— EXERCISE AIM —
The answer is to be the lines below that lie between the line holding "Filorga Filorga Hyal-Defence Sérum 30ml" and the line holding "24ISB_6781_MM", inclusive, transcribed exactly and free of pictures.

— EXTRACTED RECORDS —
Content starts

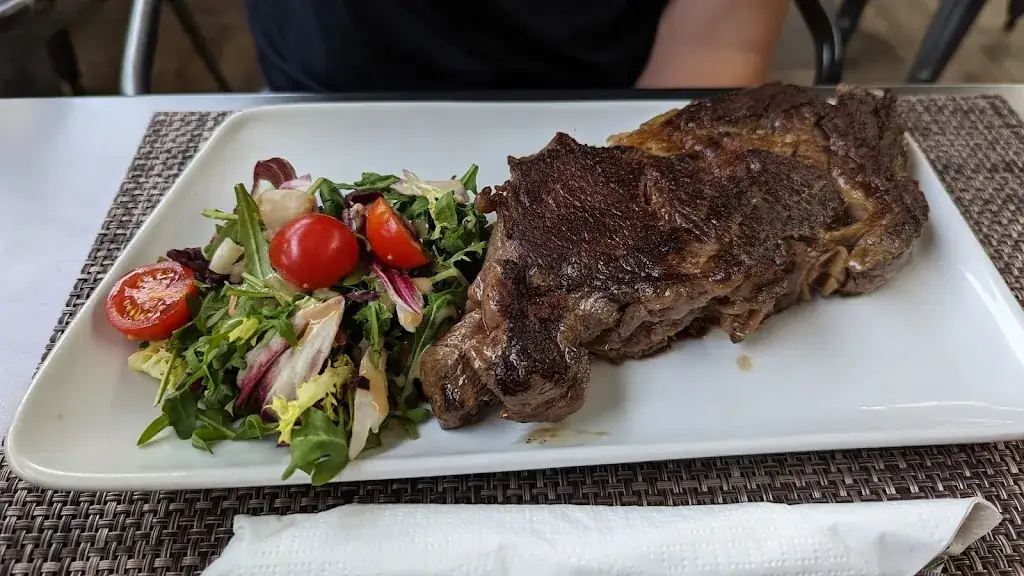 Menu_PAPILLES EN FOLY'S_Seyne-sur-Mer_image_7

Content ends
Content starts

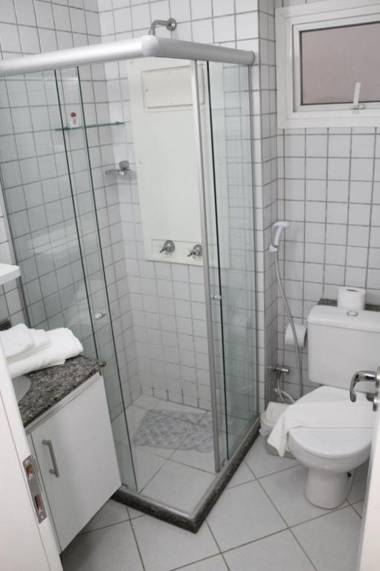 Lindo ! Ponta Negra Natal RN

Content ends
Content starts

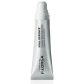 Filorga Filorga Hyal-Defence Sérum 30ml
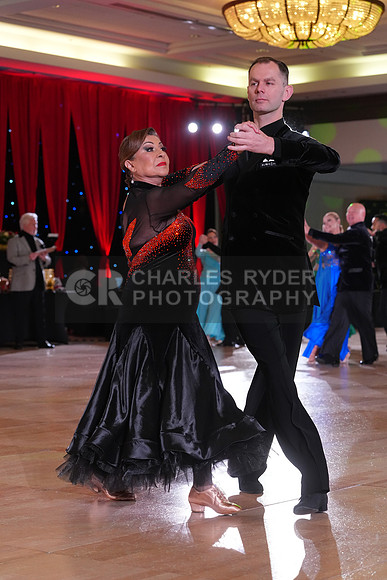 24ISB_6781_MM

Content ends

— TASK SOLUTION —
 Filorga Filorga Hyal-Defence Sérum 30ml
 24ISB_6781_MM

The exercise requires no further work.